THE TASK: Every entry must appear in the output exactly as it does here.

· · · · · · ·

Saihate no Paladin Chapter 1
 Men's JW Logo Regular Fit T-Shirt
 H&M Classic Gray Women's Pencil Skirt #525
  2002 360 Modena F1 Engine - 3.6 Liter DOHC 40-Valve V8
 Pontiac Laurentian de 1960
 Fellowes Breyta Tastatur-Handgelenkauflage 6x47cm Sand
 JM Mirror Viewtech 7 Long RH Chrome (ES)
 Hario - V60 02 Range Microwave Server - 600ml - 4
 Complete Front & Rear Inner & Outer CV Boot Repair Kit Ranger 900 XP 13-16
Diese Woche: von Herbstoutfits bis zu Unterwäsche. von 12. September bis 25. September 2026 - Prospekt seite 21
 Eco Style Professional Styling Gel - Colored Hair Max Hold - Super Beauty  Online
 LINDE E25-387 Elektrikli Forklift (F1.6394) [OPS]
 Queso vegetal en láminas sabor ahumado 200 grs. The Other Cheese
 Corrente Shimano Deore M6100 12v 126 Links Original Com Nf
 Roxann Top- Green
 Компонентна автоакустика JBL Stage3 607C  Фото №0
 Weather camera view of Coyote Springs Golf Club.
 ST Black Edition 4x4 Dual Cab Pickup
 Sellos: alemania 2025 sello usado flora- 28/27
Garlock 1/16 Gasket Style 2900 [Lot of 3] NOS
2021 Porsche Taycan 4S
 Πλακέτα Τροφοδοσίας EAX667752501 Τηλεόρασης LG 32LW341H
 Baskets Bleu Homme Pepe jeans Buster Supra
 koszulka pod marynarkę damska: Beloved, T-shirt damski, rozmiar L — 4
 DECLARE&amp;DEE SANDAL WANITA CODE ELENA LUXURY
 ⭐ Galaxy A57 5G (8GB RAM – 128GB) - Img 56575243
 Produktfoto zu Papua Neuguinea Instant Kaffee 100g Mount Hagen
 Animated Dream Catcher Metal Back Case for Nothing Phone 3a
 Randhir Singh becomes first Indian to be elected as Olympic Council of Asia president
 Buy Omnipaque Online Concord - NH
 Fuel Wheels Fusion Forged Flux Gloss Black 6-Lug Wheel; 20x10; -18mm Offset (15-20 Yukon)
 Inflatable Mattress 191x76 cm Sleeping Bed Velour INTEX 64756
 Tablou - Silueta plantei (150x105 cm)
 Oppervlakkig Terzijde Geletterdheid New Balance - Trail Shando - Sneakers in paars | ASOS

· · · · · · ·

COMPLETED EXERCISE:
Saihate no Paladin Chapter 1
 Men's JW Logo Regular Fit T-Shirt
 H&M Classic Gray Women's Pencil Skirt #525
  2002 360 Modena F1 Engine - 3.6 Liter DOHC 40-Valve V8
 Pontiac Laurentian de 1960
 Fellowes Breyta Tastatur-Handgelenkauflage 6x47cm Sand
 JM Mirror Viewtech 7 Long RH Chrome (ES)
 Hario - V60 02 Range Microwave Server - 600ml - 4
 Complete Front & Rear Inner & Outer CV Boot Repair Kit Ranger 900 XP 13-16
Diese Woche: von Herbstoutfits bis zu Unterwäsche. von 12. September bis 25. September 2026 - Prospekt seite 21
 Eco Style Professional Styling Gel - Colored Hair Max Hold - Super Beauty  Online
 LINDE E25-387 Elektrikli Forklift (F1.6394) [OPS]
 Queso vegetal en láminas sabor ahumado 200 grs. The Other Cheese
 Corrente Shimano Deore M6100 12v 126 Links Original Com Nf
 Roxann Top- Green
 Компонентна автоакустика JBL Stage3 607C  Фото №0
 Weather camera view of Coyote Springs Golf Club.
 ST Black Edition 4x4 Dual Cab Pickup
 Sellos: alemania 2025 sello usado flora- 28/27
Garlock 1/16 Gasket Style 2900 [Lot of 3] NOS
2021 Porsche Taycan 4S
 Πλακέτα Τροφοδοσίας EAX667752501 Τηλεόρασης LG 32LW341H
 Baskets Bleu Homme Pepe jeans Buster Supra
 koszulka pod marynarkę damska: Beloved, T-shirt damski, rozmiar L — 4
 DECLARE&amp;DEE SANDAL WANITA CODE ELENA LUXURY
 ⭐ Galaxy A57 5G (8GB RAM – 128GB) - Img 56575243
 Produktfoto zu Papua Neuguinea Instant Kaffee 100g Mount Hagen
 Animated Dream Catcher Metal Back Case for Nothing Phone 3a
 Randhir Singh becomes first Indian to be elected as Olympic Council of Asia president
 Buy Omnipaque Online Concord - NH
 Fuel Wheels Fusion Forged Flux Gloss Black 6-Lug Wheel; 20x10; -18mm Offset (15-20 Yukon)
 Inflatable Mattress 191x76 cm Sleeping Bed Velour INTEX 64756
 Tablou - Silueta plantei (150x105 cm)
 Oppervlakkig Terzijde Geletterdheid New Balance - Trail Shando - Sneakers in paars | ASOS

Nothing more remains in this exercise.